[Exercise brief] Set down exactly the lines from the first line of the records through the line that contains "Trade options calls and puts", and leave every picture out.

[Records shown]
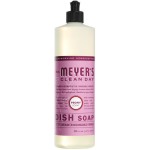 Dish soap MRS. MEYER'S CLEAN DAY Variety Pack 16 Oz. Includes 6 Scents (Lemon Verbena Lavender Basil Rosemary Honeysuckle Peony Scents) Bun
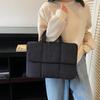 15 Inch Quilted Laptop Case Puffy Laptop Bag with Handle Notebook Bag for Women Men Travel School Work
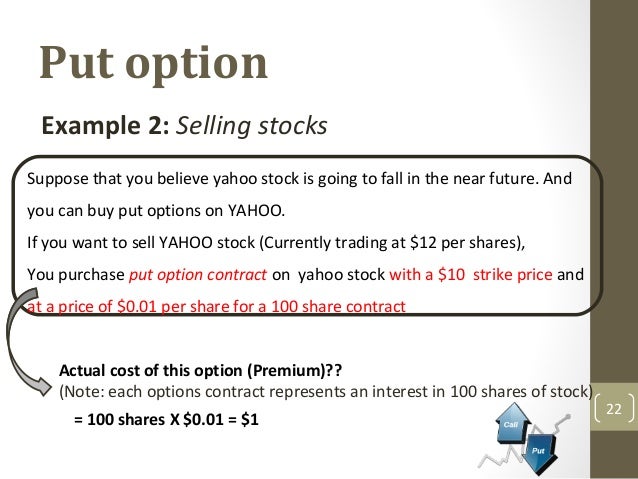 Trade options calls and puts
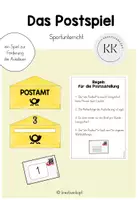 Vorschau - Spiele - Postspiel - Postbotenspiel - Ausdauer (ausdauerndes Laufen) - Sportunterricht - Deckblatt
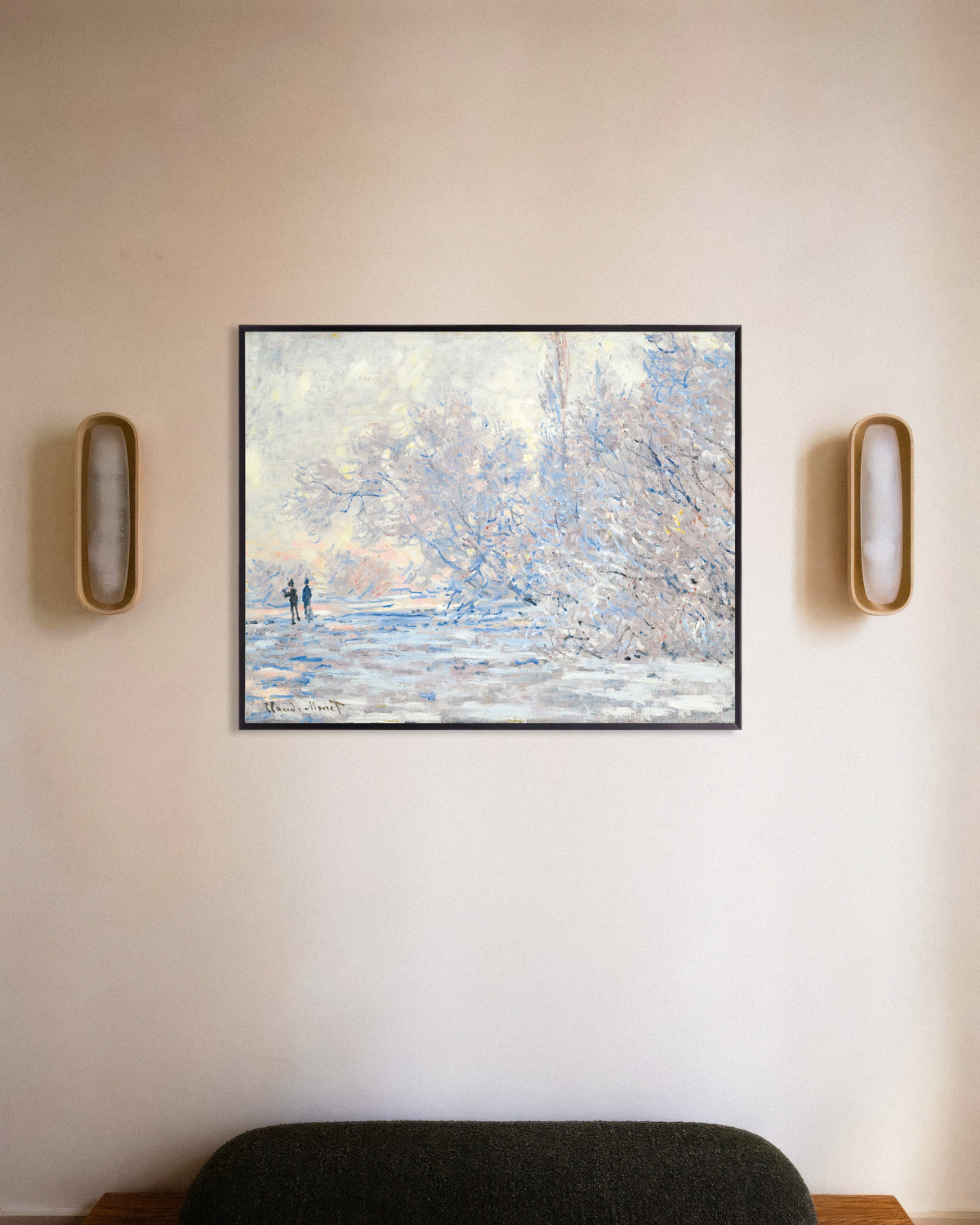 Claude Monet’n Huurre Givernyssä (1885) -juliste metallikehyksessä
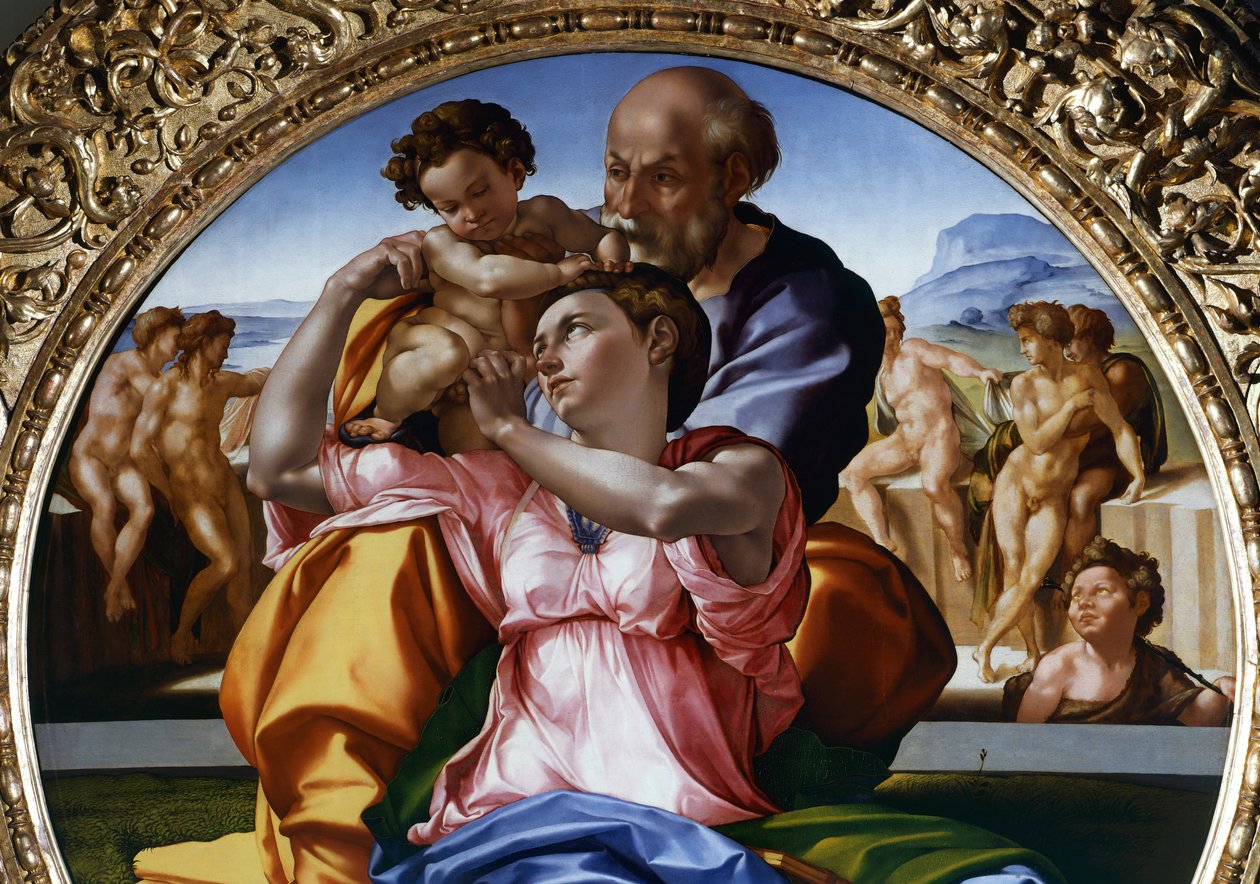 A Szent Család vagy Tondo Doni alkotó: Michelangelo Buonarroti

[Task answer]
 Dish soap MRS. MEYER'S CLEAN DAY Variety Pack 16 Oz. Includes 6 Scents (Lemon Verbena Lavender Basil Rosemary Honeysuckle Peony Scents) Bun
 15 Inch Quilted Laptop Case Puffy Laptop Bag with Handle Notebook Bag for Women Men Travel School Work
 Trade options calls and puts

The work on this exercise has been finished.